Edward Rooney

Edward Rooney is the news editor at the Herald on Sunday.

Super-city splurge

As Auckland Council reaches the six-month mark, Edward Rooney investigates the millions of dollars being poured into the private sector to prop up basic council services.
Split Enz sang of spending Six Months in a Leaky Boat. It seems Auckland Council has spent six months leaking money to contracting consultants.
Auckland Council is paying almost $2 million a month to outsource planning work as it struggles to keep pace - even during a slow period of construction.
The Aucklander sought information on the amounts consultants had billed Auckland Council since November 1 last year.
The council is unable to provide detailed information and asked The Aucklander for almost $3000 to pay for a person to spend a week compiling an itemised account of the work it has contracted out.
However, from what we can glean:
Since taking up the new administration, the value of contracts let out until March 31 this year in the planning department comes to $8.75 million. For a five-month period that's an average of $1.75 million a month.
Other departments also letting out significant contracts are regulatory ($3.02 million) and human resources ($442,000).
Mt Eden resident Vivien Fergusson is aghast when The Aucklander tells her the cost of consultant planning. "That's totally spectacular," she says.
Mrs Fergusson is particularly critical of planning processes by council. She believes successive councils have used rates money to enforce the degradation of her area for the past 30 years.
"The council uses our money to spoil our city," she says.
Deputy mayor Penny Hulse is fuming about the cost of outside consultants.


"Look, it doesn't surprise me, to be honest," she says. "I do think we need to hold [Local Government Minister] Rodney Hide and the Auckland Transition Agency to account for the rather large costs we are having to bear.
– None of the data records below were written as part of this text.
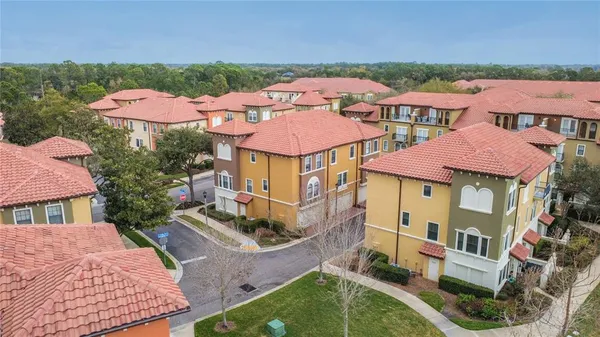 an aerial view of residential houses and outdoor space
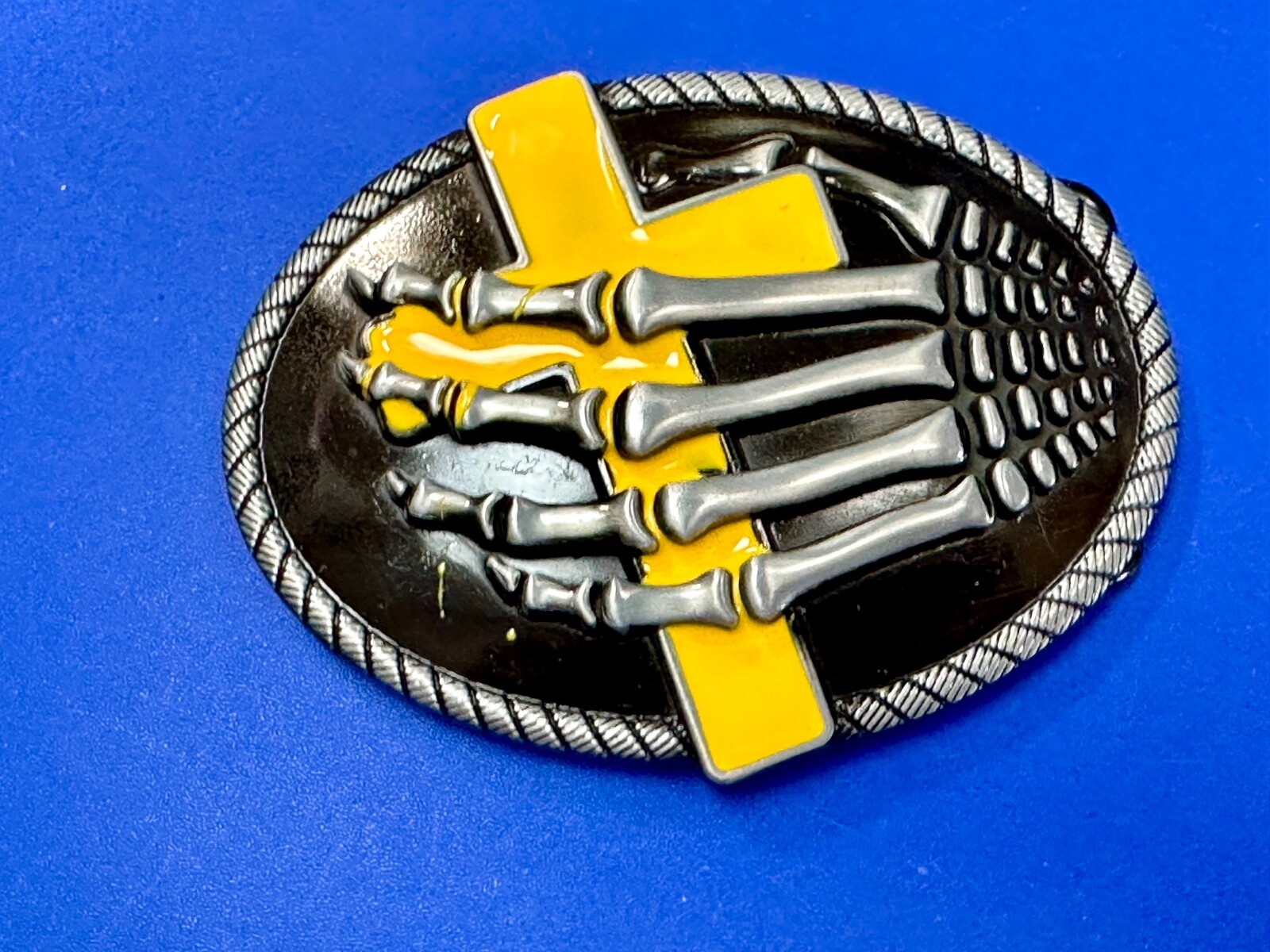 Skeleton Hand Holding Yellow Cross Vintage Dimensional Raised Belt Buckle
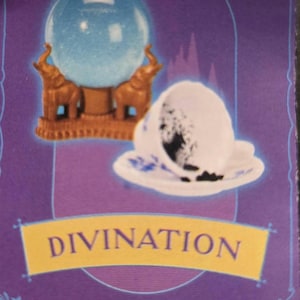 May include: A divination card featuring a blue crystal ball atop a brown stand with elephant figures, and a white teacup with a dark pattern. The word "DIVINATION" is displayed on a yellow banner against a purple background.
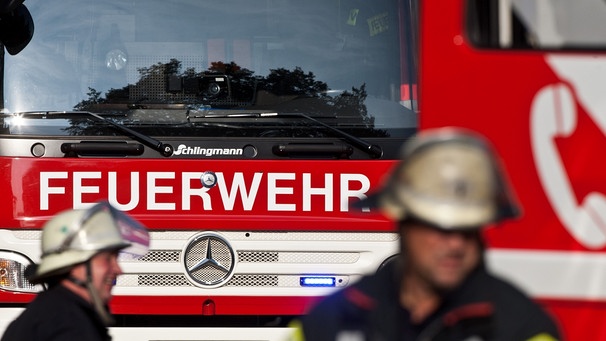 Symbolbild: die Front eines Feuerwehrautos, davor Feuerwehrleute  | Bild: picture-alliance/dpa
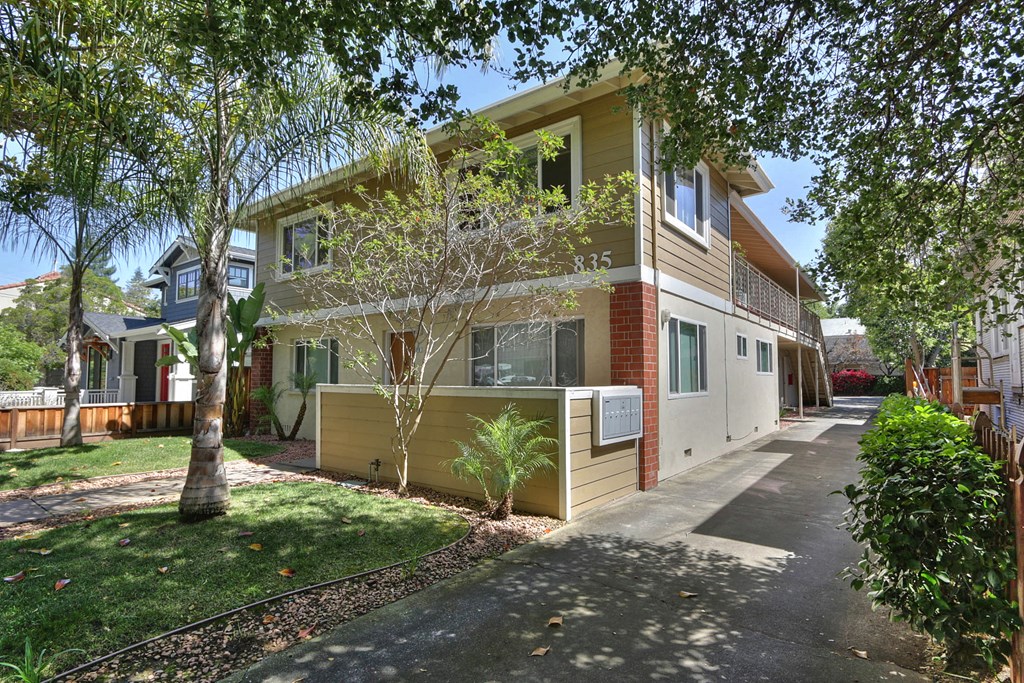 a yellow house with a sidewalk in front of it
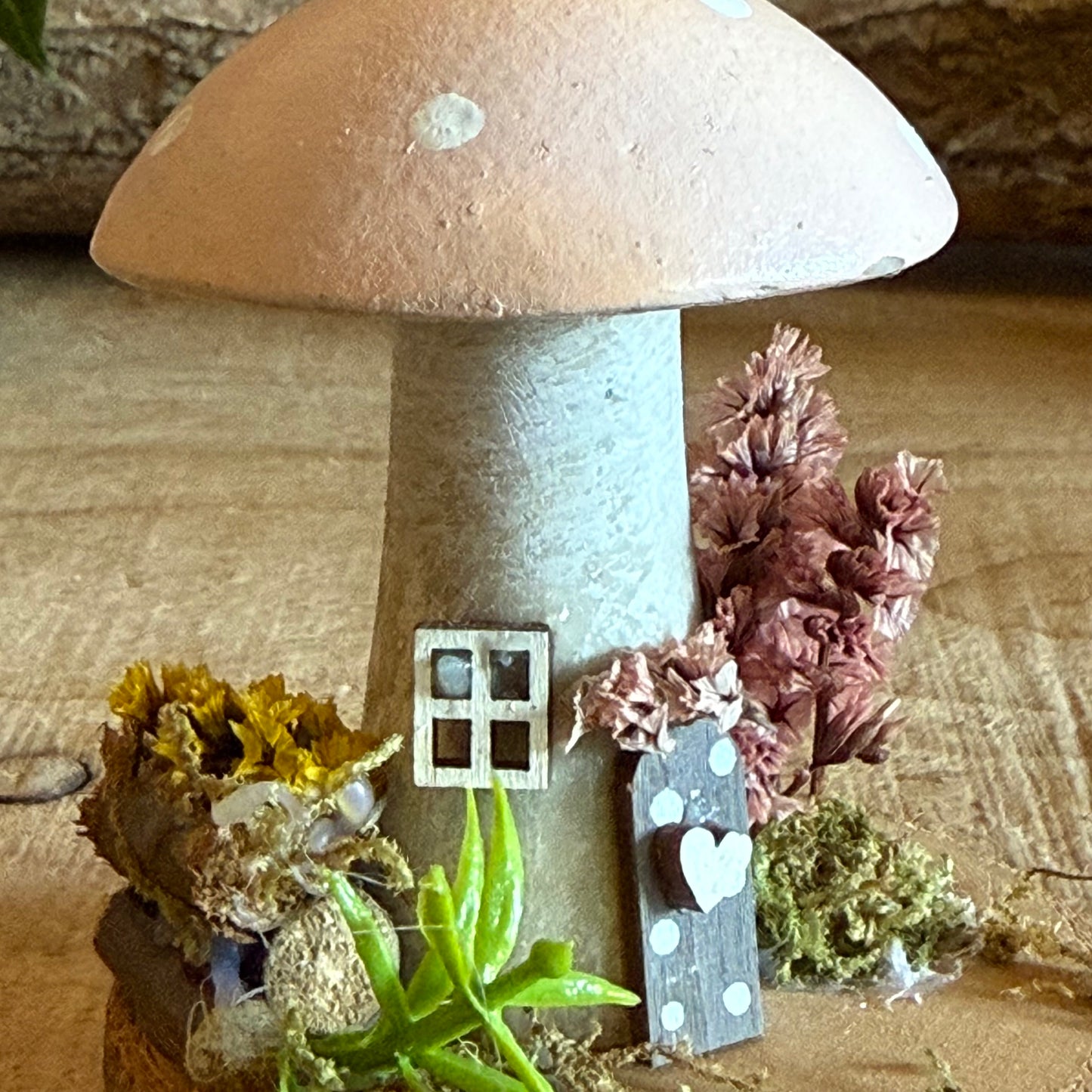 Step into a storybook world with our Spring Folk Art Mushroom Cottage, a charming miniature home inspired by blooming meadows and enchanted forests. Each cottage is hand painted with loving detail, featuring bright spring tones and floral folk art patterns that celebrate renewal and the magic of nature’s awakening.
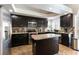 Modern kitchen featuring granite countertops, stainless steel appliances, and dark cabinetry at 9843 Frosty Canyon Ct, Las Vegas, NV 89183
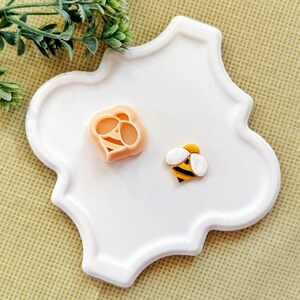 May include: A peach-colored bee-shaped cookie cutter and a small bee figurine with yellow and black stripes and white wings. The items are placed on a white, quatrefoil-shaped tray. The bee figurine features a yellow head and body.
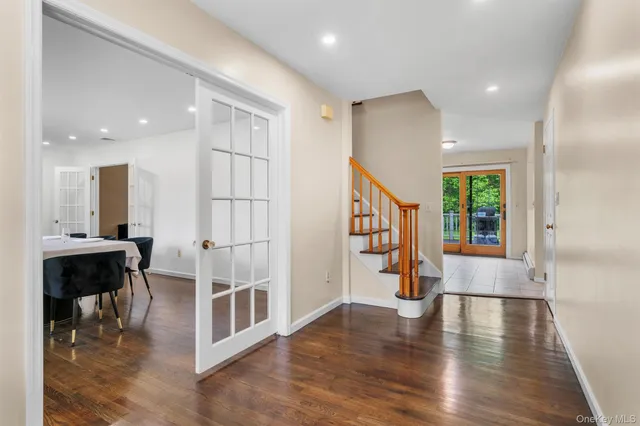 a view of entryway with wooden floor and stairs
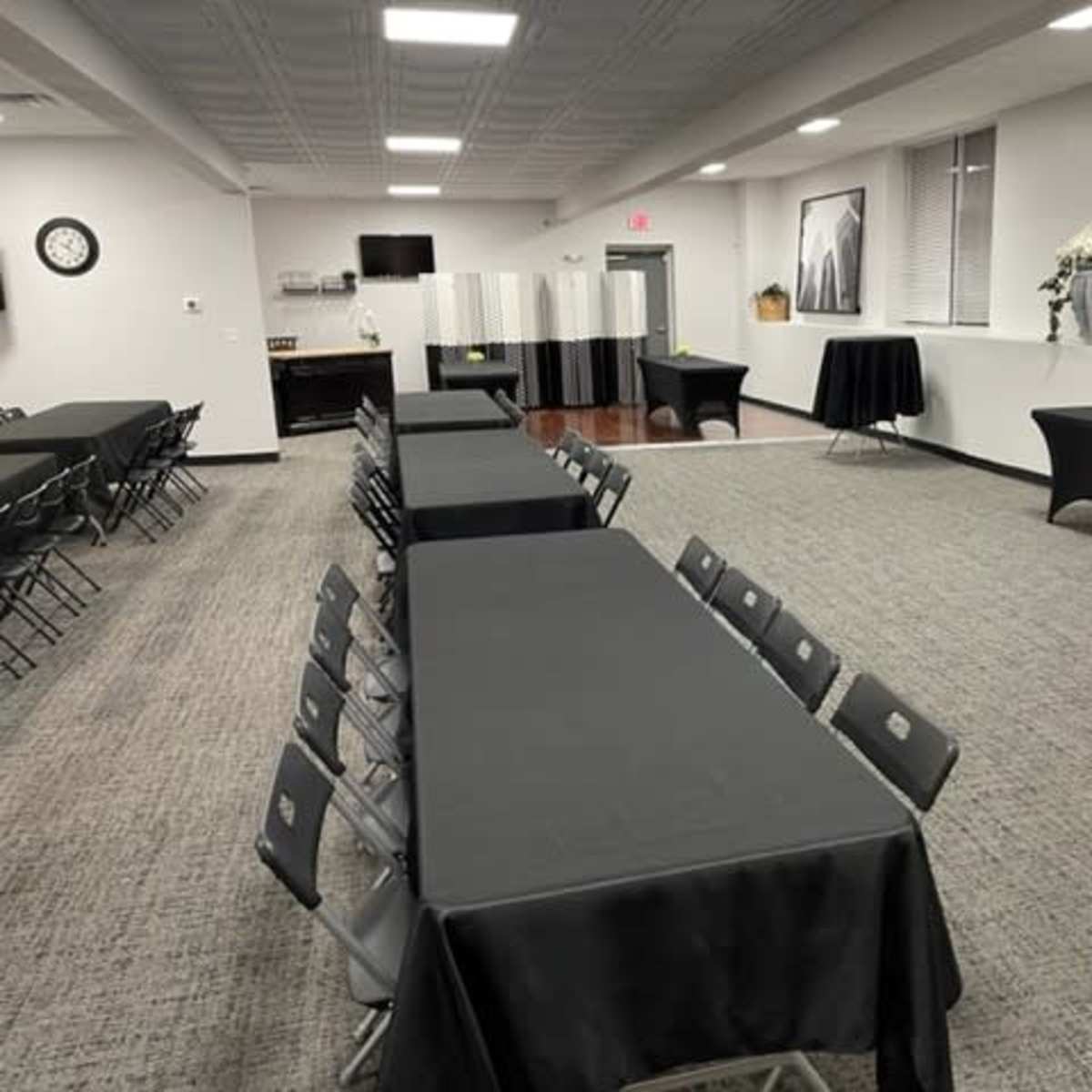 A spacious meeting room with multiple long tables covered in black cloth, surrounded by folding chairs, and equipped with a kitchenette area in the background.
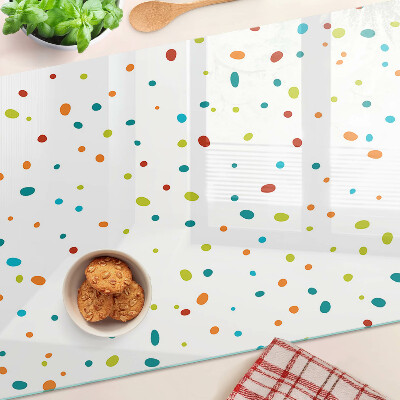 Chopping board glass Colorful dots on a white background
We're over 100 planners short."
Previous councils across Auckland had about 10,000 staff which the Auckland Transition Agency attempted to reduce to about 8500 positions. "We are sitting at around 7800-ish so there is still a shortfall of staff," Ms Hulse says, adding she believes the planning department is where the shortage is being felt the most.
Council chief planning officer Roger Blakeley defends the use of consultants, saying there is a wide range of complex activities requiring specialist skills.
"It makes commercial sense to bring in external expertise when it is required rather than permanently increasing staff numbers," he says.
"We constantly review the balance of staff and consultants to ensure the mix is right and to ensure that projects and services are delivered efficiently and effectively so that Aucklanders get value for money from their council."
Despite the $8.7 million injection of work from consultants over the past six months, Auckland Master Builders Association president Darrell Trigg says builders report that little progress has been made in getting planning permits from the council.
"Our members are saying one of the frustrations is still the timeline for getting projects under way," he says.
"I'm not sure if this new council has had time to bed in yet but if there was a magic wand to wave and provide a solution our members would be very happy, put it that way."
Builders are keen to get the word out that they are not the ones holding up the works.
"It's like a well-worn record now that no one seems to be listening to," he says. "Once we get to the actual building, that's the easy part."
Statistics NZ announced last week the number of building consents issued in Auckland for the year ended March was 3579 units, down 1.4 per cent on the previous year. The trend for the number of new dwellings authorised, including apartments, has fallen steadily since April last year to the lowest level since statistics on them were first compiled in 1982.
Mayor Len Brown told The Aucklander in January it would take another six to 12 months for the full costs of the transition to be known. Ms Hulse now says it may take longer. "Costs are still being absorbed, as you can see by the figures you have obtained."
She says the council is being criticised for a 4.9 per cent increase in rates while having to grapple with transition costs. "It's like the movie Men In Black. It's like people have had a penlight pointed in their eyes and they've forgotten that we've been saddled with all these costs.
"We're in here just trying to make this damn thing work."
The most recently released figures for the transition costs were a $56 million bill to support day-to-day computerised functions, such as human resources, payroll, the financial system and purchasing.
In March the set-up costs for the Super-city were estimated at $200 million. Ms Hulse said she was criticised for claiming the transition costs would be "upwards of $200 million".
"I was pooh-poohed for that but I'm prepared to stick by it. Rodney Hide has been saying $90 million but it's going to be a lot more than that. We need to sheet this home to the ATA and Rodney Hide."
AUT Public Policy Institute's director David Wilson said the new council was never going to deliver great savings, especially once the loss of expertise and institutional knowledge was factored in. "This is another example really of the kinds of hidden costs that result from a massive restructure," he says. "Any talk of cost savings prior to the restructure are laid bare by this sort of information."